Having just decided to start keeping these records, I have some catching up to do from the year so far. Normally I expect to only post one book at a time, but today you get half a dozen.

A Princess of Mars, Edgar Rice Burroughs, ***
I have not seen the movie yet, but it did inspire me to read the book. The price did not hurt either. (It is in the public domain, and thus you can easily find it free in e-book form). Having gone on a Conan kick last year, I decided reading more pulp would not be a bad thing. Plus, the book has some significance in the roots of science fiction/fantasy. It is a bit uneven in the story department, as first novels often are. Providing a rollicking adventure romp was the goal, and I think it succeeds admirably in that department. It did not immediately inspire me to pick up the next book in the series, but I may some day.

The Hunger Games, Suzanne Collins, ****
Most everyone has heard of this by now, and in my opinion its popularity is well deserved. It takes the post-apocalyptic death-match tv-show tale formula and twists it around enough that I was never able to predict what would happen next. The first person narrative took me a bit to get used to, but it provides focus by only ever allowing you to experience the story through the perceptions of the main character. It also nicely heightens the emotional impact of events.

Catching Fire, Suzanne Collins, ****
The second book of The Hunger Games trilogy. Everything I said about the first one applies again. Emotions are heightened, the tone gets even darker, and you start to get a surprisingly realistic feeling treatment of someone who has been put in intense, repeated, life-threatening danger. I read this one quite quickly and there was never any though that I wouldn't move directly into the next volume.

Mockingjay, Suzanne Collins, ****
The third book of The Hunger Games trilogy. The story picks up right off of the second volume, and this time the tone is downright bleak. There is very little I can say about the book that isn't a spoiler of some kind, but I will mention there is a moment near the end that absolutely wrecked me. Beware, this is one of those books you will desperately want to read in a single sitting.

24 Hours That Changed the World, Adam Hamilton, ****
My Bible study group read this one for lent this year. Hamilton examines the traditional story beats of the Easter season, providing historical context and his own perspectives on the people and places therein. It seeded some good discussions, especially given the inherent difficulty of examining the darker side of humanity through the lens of the crucifiction story. I quite like the focus on the reality of the times, and the mature discussion of the Biblical sources and traditions, including where they differ from each other.
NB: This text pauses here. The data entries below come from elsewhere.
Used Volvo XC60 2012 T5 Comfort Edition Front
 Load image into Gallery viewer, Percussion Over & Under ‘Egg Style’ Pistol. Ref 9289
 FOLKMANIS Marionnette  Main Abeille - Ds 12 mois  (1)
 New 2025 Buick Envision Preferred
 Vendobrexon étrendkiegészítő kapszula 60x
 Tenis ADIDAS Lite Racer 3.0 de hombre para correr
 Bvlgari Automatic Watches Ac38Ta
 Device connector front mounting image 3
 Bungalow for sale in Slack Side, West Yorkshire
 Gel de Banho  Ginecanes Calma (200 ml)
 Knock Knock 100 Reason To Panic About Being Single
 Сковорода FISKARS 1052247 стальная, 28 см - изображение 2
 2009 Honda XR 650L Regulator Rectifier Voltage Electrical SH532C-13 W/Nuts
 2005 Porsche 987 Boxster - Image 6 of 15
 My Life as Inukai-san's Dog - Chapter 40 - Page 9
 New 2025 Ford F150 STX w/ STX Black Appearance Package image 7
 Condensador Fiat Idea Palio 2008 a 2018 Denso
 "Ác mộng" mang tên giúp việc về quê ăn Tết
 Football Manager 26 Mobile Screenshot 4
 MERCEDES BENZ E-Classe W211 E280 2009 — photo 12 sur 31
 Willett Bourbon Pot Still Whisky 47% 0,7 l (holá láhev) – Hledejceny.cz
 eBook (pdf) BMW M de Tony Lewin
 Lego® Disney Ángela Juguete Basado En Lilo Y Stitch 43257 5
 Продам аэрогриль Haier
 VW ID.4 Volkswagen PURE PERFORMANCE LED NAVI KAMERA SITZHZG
The Gospel According to Science Fiction, Gabriel McKee, **
This is a scholarly overview of religious themes in science fiction. As a science fiction fan, I found myself skimming over the summaries of stories I had read or seen before. You might find it a good source of potential reading material, but it also necessarily spoils the stories it summarizes. The writing is perfectly good, but I would rather read the stories cited in the book and examine the themes there than have them presented to me in this summary form.

Sunday, April 8, 2012

Headline Hunting

"Cruise ship to retrace voyage of Titanic"  Let us hope they don't follow the historic itinerary to the letter...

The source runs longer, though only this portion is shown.